- **Task requirements**
Go through the records below and return each line that has "Pack" in it.

(Collected data)
^^^^
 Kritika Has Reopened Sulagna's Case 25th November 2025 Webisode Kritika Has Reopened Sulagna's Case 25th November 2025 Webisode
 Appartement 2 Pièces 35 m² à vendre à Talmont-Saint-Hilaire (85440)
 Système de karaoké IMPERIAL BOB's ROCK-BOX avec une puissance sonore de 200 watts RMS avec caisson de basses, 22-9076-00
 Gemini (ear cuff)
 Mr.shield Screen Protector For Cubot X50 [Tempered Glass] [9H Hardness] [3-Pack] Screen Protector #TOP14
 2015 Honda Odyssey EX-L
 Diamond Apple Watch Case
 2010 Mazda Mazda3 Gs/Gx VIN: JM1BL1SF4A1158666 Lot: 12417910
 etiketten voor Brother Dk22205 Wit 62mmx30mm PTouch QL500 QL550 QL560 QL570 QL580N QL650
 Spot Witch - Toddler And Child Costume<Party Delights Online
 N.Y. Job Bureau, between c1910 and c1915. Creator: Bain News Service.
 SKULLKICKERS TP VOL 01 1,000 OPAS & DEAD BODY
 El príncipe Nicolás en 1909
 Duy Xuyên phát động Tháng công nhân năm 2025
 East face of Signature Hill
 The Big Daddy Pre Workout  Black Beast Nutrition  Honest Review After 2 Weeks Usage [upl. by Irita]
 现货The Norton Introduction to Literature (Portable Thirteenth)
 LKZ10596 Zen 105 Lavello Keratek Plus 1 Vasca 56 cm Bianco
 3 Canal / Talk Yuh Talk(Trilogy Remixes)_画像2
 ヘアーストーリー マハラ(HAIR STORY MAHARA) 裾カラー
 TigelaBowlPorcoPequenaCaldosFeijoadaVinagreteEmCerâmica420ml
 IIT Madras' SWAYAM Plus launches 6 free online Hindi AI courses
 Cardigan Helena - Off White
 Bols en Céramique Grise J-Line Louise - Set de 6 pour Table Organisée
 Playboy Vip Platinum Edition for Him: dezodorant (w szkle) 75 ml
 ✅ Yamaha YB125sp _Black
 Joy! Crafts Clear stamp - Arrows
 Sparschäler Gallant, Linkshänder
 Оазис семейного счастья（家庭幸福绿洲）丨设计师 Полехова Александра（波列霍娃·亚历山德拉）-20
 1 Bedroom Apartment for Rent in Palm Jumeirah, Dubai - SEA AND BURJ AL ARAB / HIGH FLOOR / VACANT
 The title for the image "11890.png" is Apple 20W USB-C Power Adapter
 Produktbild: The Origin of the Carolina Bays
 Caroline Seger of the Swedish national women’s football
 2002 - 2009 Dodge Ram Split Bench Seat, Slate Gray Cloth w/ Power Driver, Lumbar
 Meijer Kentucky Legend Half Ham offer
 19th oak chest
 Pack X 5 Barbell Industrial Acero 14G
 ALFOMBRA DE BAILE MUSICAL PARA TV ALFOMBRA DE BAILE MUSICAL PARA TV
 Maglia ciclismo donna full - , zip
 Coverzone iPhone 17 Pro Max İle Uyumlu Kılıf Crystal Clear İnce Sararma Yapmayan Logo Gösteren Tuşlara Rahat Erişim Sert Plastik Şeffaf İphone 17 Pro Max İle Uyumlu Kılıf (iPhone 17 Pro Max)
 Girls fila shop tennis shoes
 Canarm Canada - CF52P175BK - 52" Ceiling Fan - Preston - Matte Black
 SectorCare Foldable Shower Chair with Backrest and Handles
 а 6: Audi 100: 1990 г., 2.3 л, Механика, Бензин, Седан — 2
^^^^
- **Answer box**
 Mr.shield Screen Protector For Cubot X50 [Tempered Glass] [9H Hardness] [3-Pack] Screen Protector #TOP14
 Pack X 5 Barbell Industrial Acero 14G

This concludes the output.